Definition 4 Let p\geq 1 be a constant. A function X:\Delta\to T^{([p])}(V) is called an almost rough path (of roughness p) if it is of finite p-variation, X_{s,t}^0 =1 and, for some control \omega and some constant \theta>1, |\bigl(X_{s,t}\otimes X_{t,u}\bigr)^i -X_{s,u}^i|\leq \omega(s,u)^\theta, for all (s,t),(t,u)\in\Delta and i=1,\cdots,[p]. Rough path can be established based on almost rough path as shown in Theorem 3.2.1 in Lyons.


Definition 5 A function X\in C_0\bigl(\Delta, T^{(n)}(V)\bigr) is said to have finite total p-variation if  \sup_D\sum_l |X_{t_{l-1},t_l}|^{p/i}<\infty, \quad i=1,2,\cdots,n, where \sup_D runs over all finite divisions of [0,T] and, C_0\bigl(\Delta, T^{(n)}(V)\bigr) denote continuous function from the simplex \Delta into the truncated tensor algebra T^{(n)}(V),with an appropriate norm and with X_{s,t}^0\equiv 1.

The p variation metric d_p on C_{0,p}\bigl(\Delta, T^{([p])}(V)\bigr) is defined by d_p(X,Y)=\max_{1\leq i\leq [p]}\sup_D\Bigl(\sum_l|X_{t_{l-1},t_l}^i -X_{t_{l-1},t_l}^i|\Bigr)^{i/p}.

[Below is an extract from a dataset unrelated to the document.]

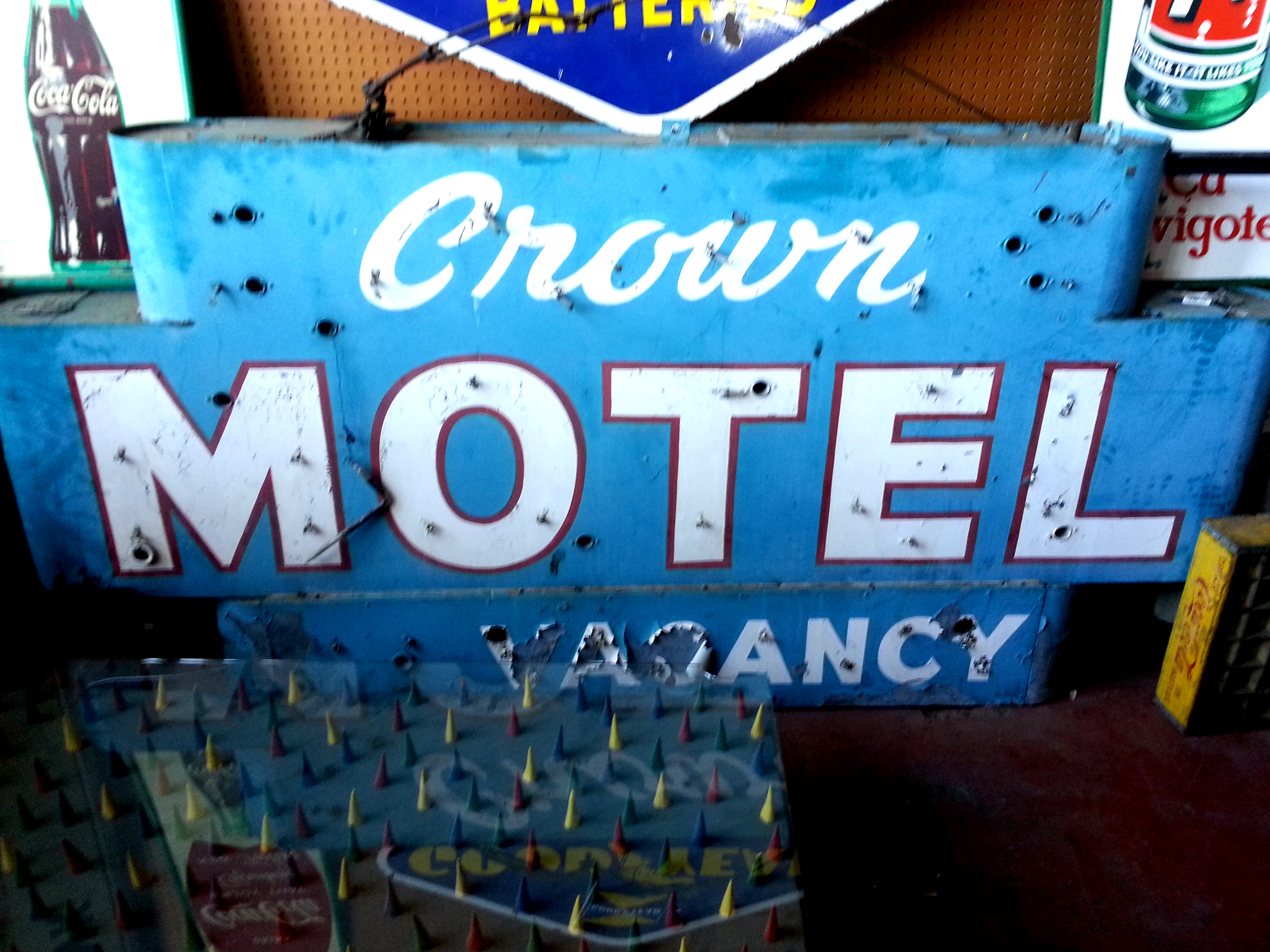 Crown Motel - 114" x 49 "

A rough path X\in\Omega_p(V) is called a smooth rough path if t\to X_t\equiv X_{0,t}^1 is a continuous path with finite variation and X_{s,t}^i is the ith iterated path integral of the path X_t over the interval [s,t] (for i=1,2,\cdots,[p]),that is

X_{s,t}^i=\int_{s<t_1<\cdots<t_i<t}dX_{t_1}\otimes\cdots\otimes dX_{t_i},\quad\forall (s,t)\in\Delta .

Definition 6 Geometric rough paths with roughness p are the rough paths in the closure of smooth rough paths under p-variation distance (or, equivalently, under p-variation topology). Thus, a rough path X\in\Omega_p(V) is a geometric rough path if there is a sequence X(n) of smooth rough paths in \Omega_p(V) such that

d_p\bigl(X(n),X\bigr)\to 0, \quad\hbox{as}\quad n\to\infty.